The code is open source.

Top comments (1)

Collapse
 
scottcjn profile image
AutoJanitor

This is one of the best empirical tool-calling analyses I've seen. The finding that model generation matters more than parameter count is something we've observed too — and your Pattern 3 (retry loop) is a critical insight for anyone building agentic systems.

We run local LLMs on an IBM POWER8 server (128 threads, 512GB RAM) using llama.cpp with custom vec_perm optimizations. Our experience with Qwen2.5-7B is interesting context for your results: we fine-tuned it with SFT + DPO into "SophiaCore" — a 7B model with baked-in identity and tool awareness. The fine-tuning dramatically improved tool-call reliability vs stock Qwen2.5, which aligns with your finding that the qwen2.5 family struggles with structured tool output.

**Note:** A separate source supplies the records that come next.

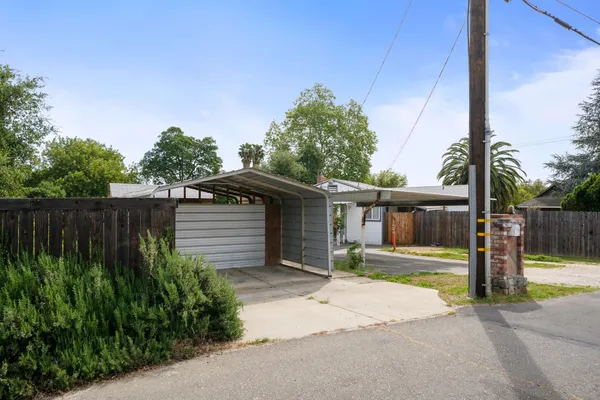 a palm tree sitting in front of a house with a yard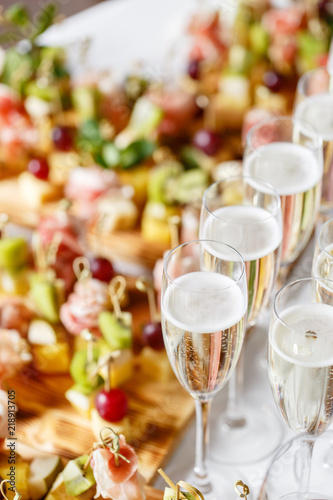 solemn happy new year banquet. Lot of glasses champagne or wine on the table in restaurant. buffet table with lots of delicious snacks. canapes, bruschetta, and little desserts on wooden plate board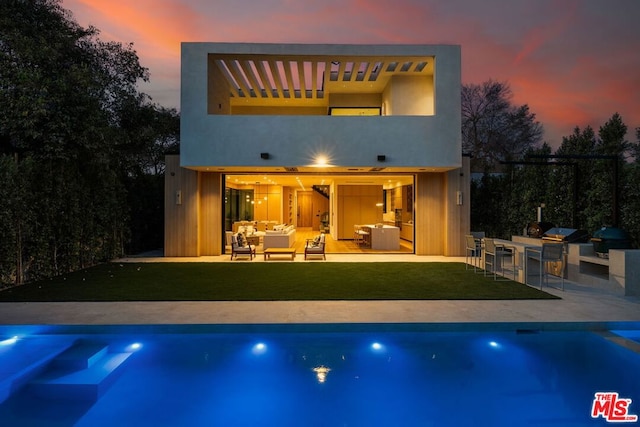 back house at dusk with an outdoor kitchen, an outdoor hangout area, a patio, and a lawn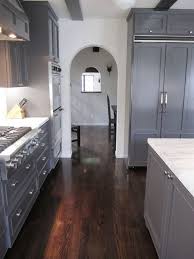 An application of ceramic floor tile here makes it looks like made of hardwood material. Grey Kitchen Cabinets Dark Floor Our Own Home Pinterest White Cabinets Kitchen Dark Floors Dark Grey Kitchen Grey Flooring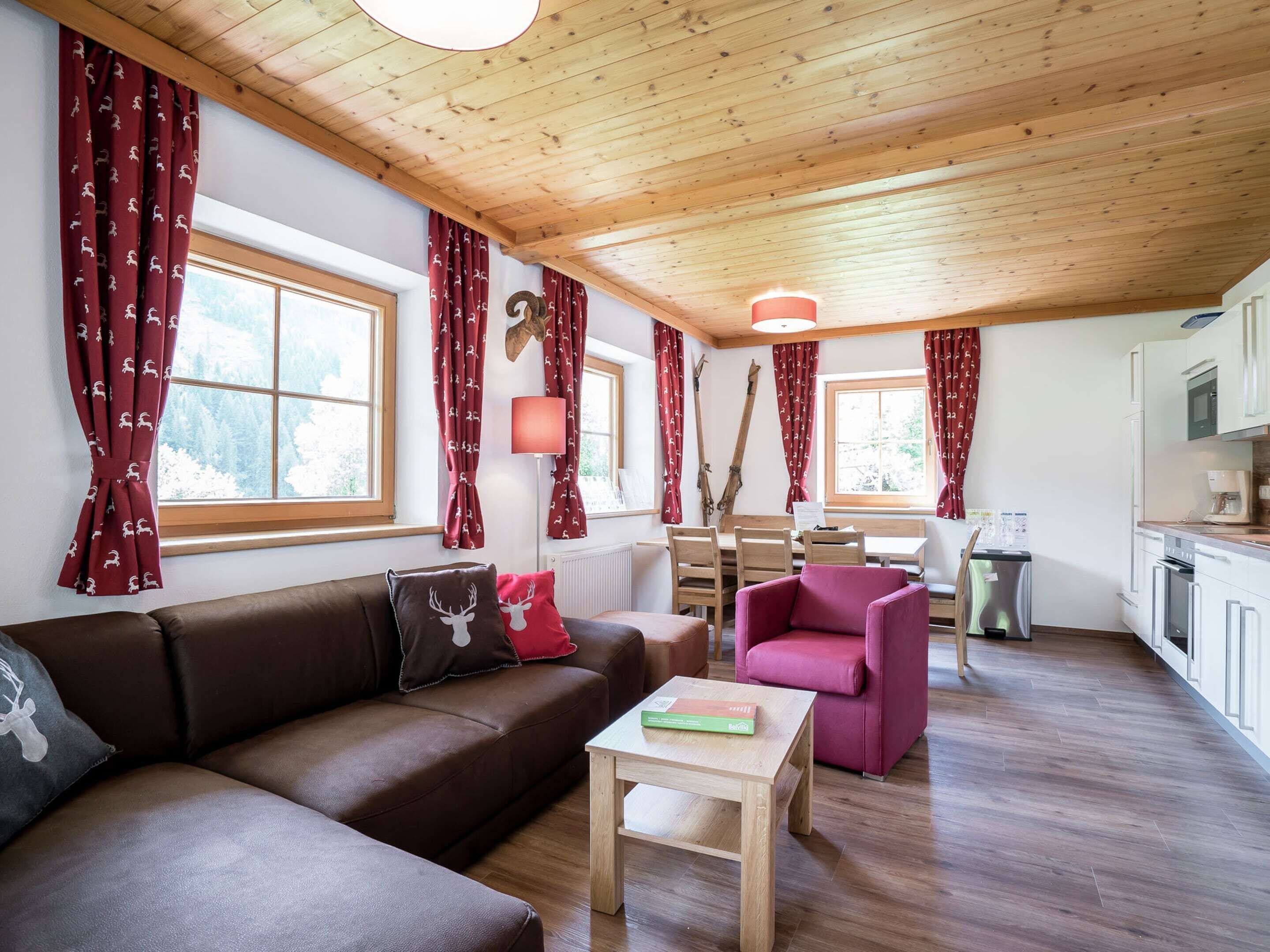 Un salon chaleureux avec un canapé marron, un fauteuil rose et une table basse en bois. On y trouve également un coin repas avec une table et des chaises en bois, ainsi qu’une cuisine dotée de meubles et d’appareils électroménagers blancs.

Your "NEVER repeat the same failing tool call" prompt fix mirrors exactly what Claude Code does internally — it has the same anti-retry logic baked into its system prompt. The fact that one line of prompt engineering turned 30K wasted tokens into a 9K success is a powerful argument that agent architecture matters as much as model quality.

One thing we found running multi-model consensus (4 models simultaneously on POWER8, each getting the same prompt with different role framing): the failure modes you document are actually useful when you treat them as diversity signals rather than bugs. The model that "asks the user instead of acting" is providing a different cognitive frame than the one that "retries aggressively." In a multi-path setup, these become complementary perspectives rather than failures.

Whet looks solid — the Rust + Ollama approach is clean. Have you considered testing with the tool-calling-specific fine-tunes (like Hermes or NousResearch function-calling variants)? Curious if they handle your Pattern 2 better than stock models.